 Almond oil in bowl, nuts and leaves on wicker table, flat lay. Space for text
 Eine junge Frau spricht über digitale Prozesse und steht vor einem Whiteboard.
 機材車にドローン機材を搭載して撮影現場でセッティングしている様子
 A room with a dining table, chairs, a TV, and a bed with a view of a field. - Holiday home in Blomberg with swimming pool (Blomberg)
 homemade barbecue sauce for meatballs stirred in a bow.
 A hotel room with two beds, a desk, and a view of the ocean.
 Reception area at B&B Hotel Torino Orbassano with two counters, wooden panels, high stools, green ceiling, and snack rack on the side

▬▬▬▬▬▬

What needs to be done >> Which lines of the listing contain the string "view"? Copy every one of them.

Answer to the problem >>
 A room with a dining table, chairs, a TV, and a bed with a view of a field. - Holiday home in Blomberg with swimming pool (Blomberg)
 A hotel room with two beds, a desk, and a view of the ocean.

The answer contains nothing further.